THE lead story we carried two weeks ago exposed serious problems in the government’s school feeding programme.

The scheme, started with noble intentions of feeding primary school children and empowering Lesotho’s poor communities through catering contracts, is now riddled with problems of monumental proportions.

What was supposed to be a lucrative business opportunity for the poor has become an impoverishing venture.

The caterers hired by the government to supply food to primary schools are either sinking in debt or they have already drowned.

Some are probably poorer than they were before they got the contracts. It is possible that some of them might fail to meet their contractual obligation to feed the children.

But it’s not hard to trace the root of this problem.

The problem, as the story exposed, is that the programme has been hijacked by cunning business people and companies that are manipulating the system’s weak structures.

This has happened because the government tried to empower people with lucrative contracts without providing them with the required capital.

The caterers were given contracts to supply food but without the start-up capital.

It boggles the mind how such a crucial aspect of any business venture could have been overlooked in the first place.

It costs money to buy beans, peas, maize-meal and oil that the caterers use to feed the children.

To meet their contractual obligations they have had to get loans from banks or go into a credit arrangement with supermarkets.

It has not been easy.

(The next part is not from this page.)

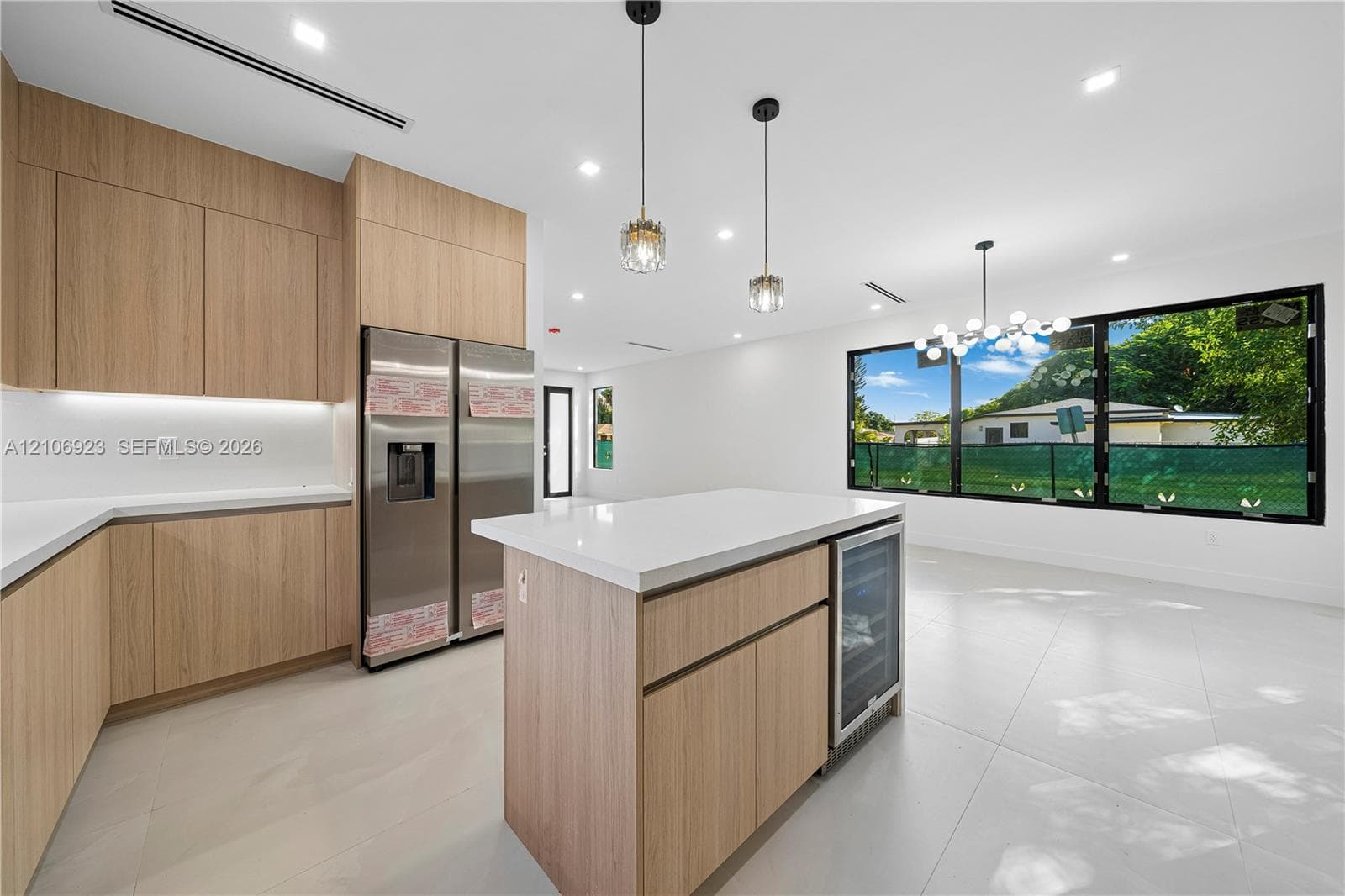 Kitchen featuring wood-finish flat-panel cabinetry, quartz countertops, a central island with an integrated wine cooler, stainless steel refrigerator, and large picture windows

The banks will not lend to them because they are too risky.

The conventional banking logic is that the poor are risky because they have no collateral (surety in the form of property or assets that banks can attach if they fail to pay back).

Shunned by mainstream banks the caterers have become easy prey for money lenders.

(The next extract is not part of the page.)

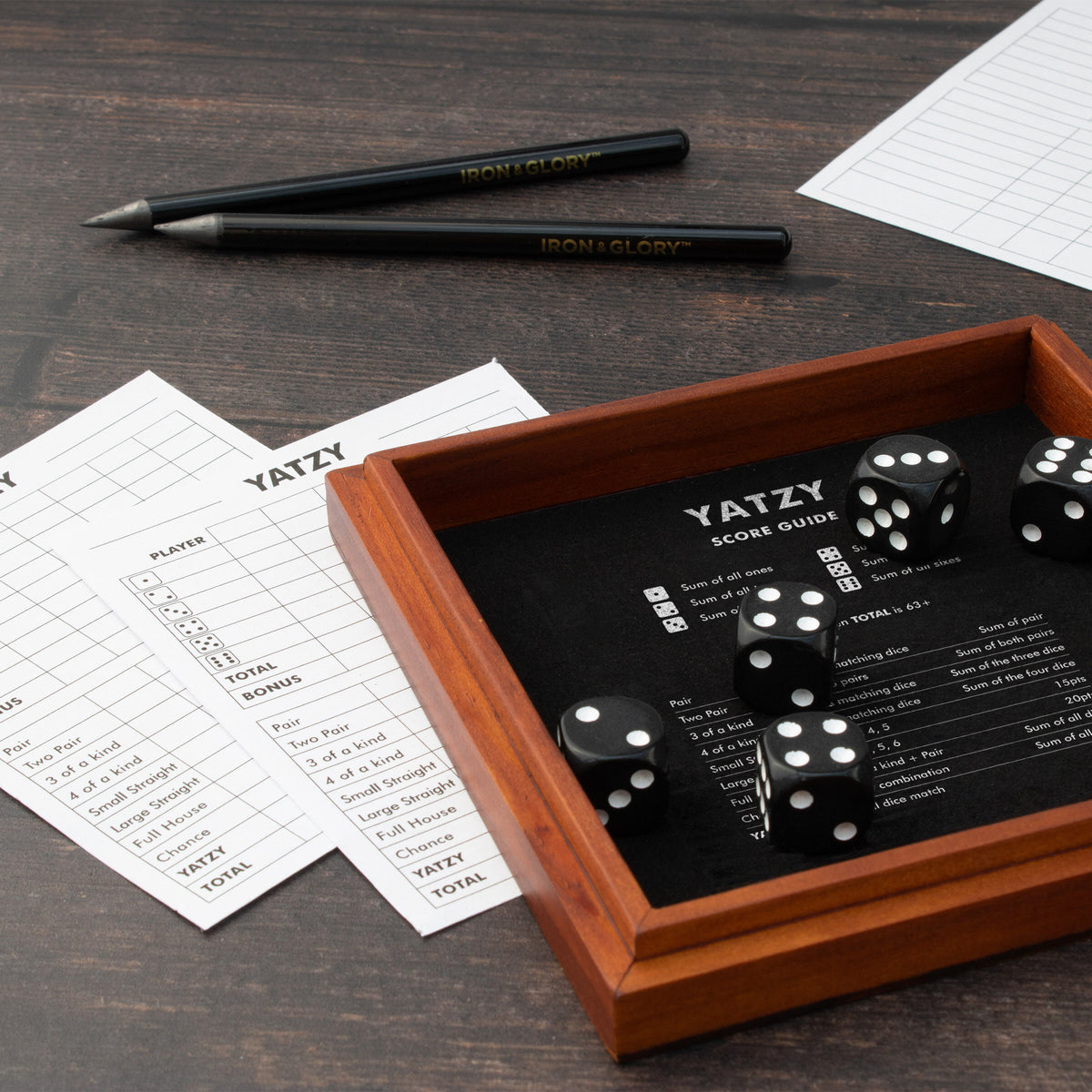 Iron & Glory Yatzy tray with dice, score sheets and pencils on a dark table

The money lenders who masquerade as genuine banks are ripping-off the customers with punitive interest rates.

There are reports that some of the institutions are charging interest rates as high as 75 percent.

Interest rates from normal banks are around 14 percent.

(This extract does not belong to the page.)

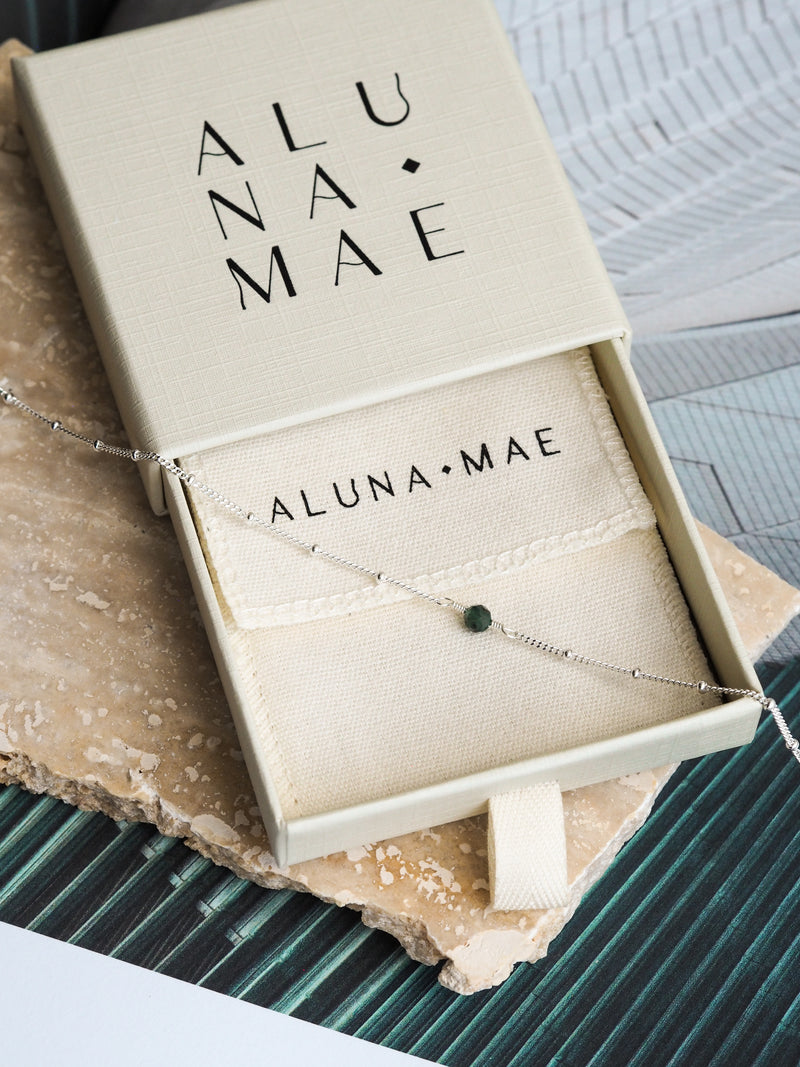 May birthstone necklace with a green emerald gemstone displayed in an Aluna Mae gift box, with the brand name visible on the interior fabric pouch and a sterling silver satellite chain.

Food retailers and wholesalers have jumped on the bandwagon pretending to offer favourable credit terms to the caterers but in reality milking them with huge mark-ups on foodstuffs.

In this confusion is the chance for some shrewd businesspeople to act as middlemen.

In reality the caterer has become the conduit through which big businesses can make a killing from the school feeding programme.

On paper the poor hold the contract but in reality they are not benefiting from it.

They have been reduced to portieres.

Most of them say they have nothing but mounting debts and lawsuits to show for the years that they have been in business.

We understand the business logic of it all but we just cannot condone the exploitation of the poor by big businesses under the guise of helping them because it is immoral.

It is sad and shocking that this programme has been around for more than a decade but nothing has been done about these blatant acts of exploitation.

The government must realise that giving such contracts to the poor without providing the necessary capital defeats the whole concept of trying to empower them.

It is absurd to expect poor villagers who are already struggling to feed their families to get enough capital to feed dozens of school children the whole year.

It is time to go back to the drawing board before the whole programme collapses.

The government must realise that this is a programme which involves unique stakeholders.

The caterers cannot be treated like other government suppliers who are paid three months from the date of delivery.

Because of their nature they are living from hand to mouth and therefore cannot withstand 90-day debt on their cash-flow.

Unlike normal government suppliers that are big companies, these are poor individuals who are very vulnerable.

A day’s delay in payment is enough to put them out of business for good.